Systems thinking is about embracing complexity with insight and empathy – seeing the big picture by weaving together environmental, social, infrastructural and community layers. It’s collaborative, inclusive and practical: a lens through which cities and all spaces can be designed to be resilient, vibrant, beautiful, functional and reflective of the communities they serve.

In practice, systems thinking means looking beyond your project’s red line to see how it can help the wider area, and its current and future communities, to thrive. Could you create high-quality green space linked with better public transport, helping reduce air pollution? Could you daylight a river, integrating water management, public realm, flood resilience and community wellbeing? Could you provide community facilities? Could you connect soft landscaping to existing habitats, boosting biodiversity and linking into blue networks? Could you collect rainwater to reduce irrigation needs, and use the system to educate local schools and residents on water efficiency?

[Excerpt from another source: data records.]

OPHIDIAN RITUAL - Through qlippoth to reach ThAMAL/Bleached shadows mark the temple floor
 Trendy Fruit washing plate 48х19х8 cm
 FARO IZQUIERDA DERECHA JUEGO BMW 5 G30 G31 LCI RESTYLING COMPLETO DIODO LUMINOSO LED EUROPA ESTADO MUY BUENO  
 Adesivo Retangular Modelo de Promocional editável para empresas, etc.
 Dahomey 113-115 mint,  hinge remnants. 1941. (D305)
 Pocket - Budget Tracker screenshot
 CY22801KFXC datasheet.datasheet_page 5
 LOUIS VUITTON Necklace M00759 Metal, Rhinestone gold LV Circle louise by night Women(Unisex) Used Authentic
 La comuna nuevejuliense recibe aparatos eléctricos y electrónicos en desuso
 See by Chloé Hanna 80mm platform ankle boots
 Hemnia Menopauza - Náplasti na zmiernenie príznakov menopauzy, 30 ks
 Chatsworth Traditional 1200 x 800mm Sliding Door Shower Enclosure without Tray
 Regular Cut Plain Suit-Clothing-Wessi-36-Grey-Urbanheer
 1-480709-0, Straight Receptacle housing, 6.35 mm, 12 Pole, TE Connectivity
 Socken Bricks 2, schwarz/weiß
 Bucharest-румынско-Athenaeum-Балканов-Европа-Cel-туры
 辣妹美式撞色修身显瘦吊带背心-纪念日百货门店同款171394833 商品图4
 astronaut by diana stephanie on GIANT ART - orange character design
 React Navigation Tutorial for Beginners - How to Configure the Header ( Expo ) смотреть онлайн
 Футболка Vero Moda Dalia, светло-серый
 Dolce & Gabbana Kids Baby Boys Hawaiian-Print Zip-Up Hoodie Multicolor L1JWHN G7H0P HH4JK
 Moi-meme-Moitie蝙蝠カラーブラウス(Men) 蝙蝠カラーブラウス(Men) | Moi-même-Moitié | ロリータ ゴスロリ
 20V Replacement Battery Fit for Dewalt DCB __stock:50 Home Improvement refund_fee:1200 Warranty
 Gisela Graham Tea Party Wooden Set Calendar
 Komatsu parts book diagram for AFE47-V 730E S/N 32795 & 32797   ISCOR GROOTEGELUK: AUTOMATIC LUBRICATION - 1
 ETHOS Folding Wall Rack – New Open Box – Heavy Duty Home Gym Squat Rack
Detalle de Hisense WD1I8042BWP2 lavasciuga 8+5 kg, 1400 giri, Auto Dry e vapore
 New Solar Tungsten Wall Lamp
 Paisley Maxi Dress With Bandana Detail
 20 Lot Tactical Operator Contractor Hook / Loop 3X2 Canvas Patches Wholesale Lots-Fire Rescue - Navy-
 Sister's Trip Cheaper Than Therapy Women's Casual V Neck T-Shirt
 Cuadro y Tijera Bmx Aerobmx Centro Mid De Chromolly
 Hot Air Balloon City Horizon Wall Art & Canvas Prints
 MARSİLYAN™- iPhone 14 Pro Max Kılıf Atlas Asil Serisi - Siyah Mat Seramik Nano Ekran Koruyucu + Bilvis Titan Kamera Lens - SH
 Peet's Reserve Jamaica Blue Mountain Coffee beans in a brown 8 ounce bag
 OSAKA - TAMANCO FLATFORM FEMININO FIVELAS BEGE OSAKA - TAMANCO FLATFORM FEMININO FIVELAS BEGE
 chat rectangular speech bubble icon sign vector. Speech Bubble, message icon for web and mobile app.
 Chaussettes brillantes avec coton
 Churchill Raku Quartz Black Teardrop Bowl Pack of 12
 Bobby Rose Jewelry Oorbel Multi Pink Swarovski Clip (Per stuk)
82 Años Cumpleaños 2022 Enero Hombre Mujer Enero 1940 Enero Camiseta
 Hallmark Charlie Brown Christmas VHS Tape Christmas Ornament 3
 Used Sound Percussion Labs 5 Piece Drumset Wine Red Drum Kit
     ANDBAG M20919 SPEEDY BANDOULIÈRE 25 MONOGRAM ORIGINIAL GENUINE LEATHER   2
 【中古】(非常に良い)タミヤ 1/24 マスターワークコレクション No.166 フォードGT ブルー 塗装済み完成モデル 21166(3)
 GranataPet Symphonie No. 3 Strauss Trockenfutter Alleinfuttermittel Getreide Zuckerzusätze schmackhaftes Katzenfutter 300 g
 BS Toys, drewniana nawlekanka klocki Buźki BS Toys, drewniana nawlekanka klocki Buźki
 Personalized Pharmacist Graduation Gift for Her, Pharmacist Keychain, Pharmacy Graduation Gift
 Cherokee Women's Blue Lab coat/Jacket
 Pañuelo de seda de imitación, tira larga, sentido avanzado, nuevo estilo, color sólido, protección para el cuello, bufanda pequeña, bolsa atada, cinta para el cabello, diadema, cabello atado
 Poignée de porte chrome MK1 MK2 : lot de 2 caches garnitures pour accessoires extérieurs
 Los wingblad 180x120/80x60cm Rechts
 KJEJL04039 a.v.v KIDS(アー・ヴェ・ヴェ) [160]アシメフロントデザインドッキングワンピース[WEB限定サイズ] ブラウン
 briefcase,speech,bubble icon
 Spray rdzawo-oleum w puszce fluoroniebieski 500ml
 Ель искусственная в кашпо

Everyone has a role and that can be as simple as using the following question to inform designs: how can this project/plan/proposal create the greatest positive impact for the whole system it sits within?

 

Our environment is like the human body – everything is connected. You can treat it as a set of isolated parts, or you can consider the whole system and how to improve it. When we aim to get fit, as well as exercise we need to consider nutrition, hydration, environmental conditions and sleep. The environment is no different: we must consider people, water, energy, biodiversity, culture, heritage, community, movement, food security, waste and transport. Importantly, we have to seek to understand how these elements interrelate.

When you map and value these connections, the best solutions often reveal themselves. Systems thinking doesn’t just make better projects – it creates places that work harder for people and nature, now and in the future. It also tends to create better-connected communities, which are far more resilient to deal with the effects of climate change.

 

Systems thinking is ultimately about shifting our perspective, from asking ‘What do we need to deliver?’ to ‘What future can we help shape?’ It invites us to see projects not as endpoints but as catalysts for positive change that ripple far beyond their boundaries. By thinking in systems, we design not just for today’s needs but for people, places and the planet for generations to come.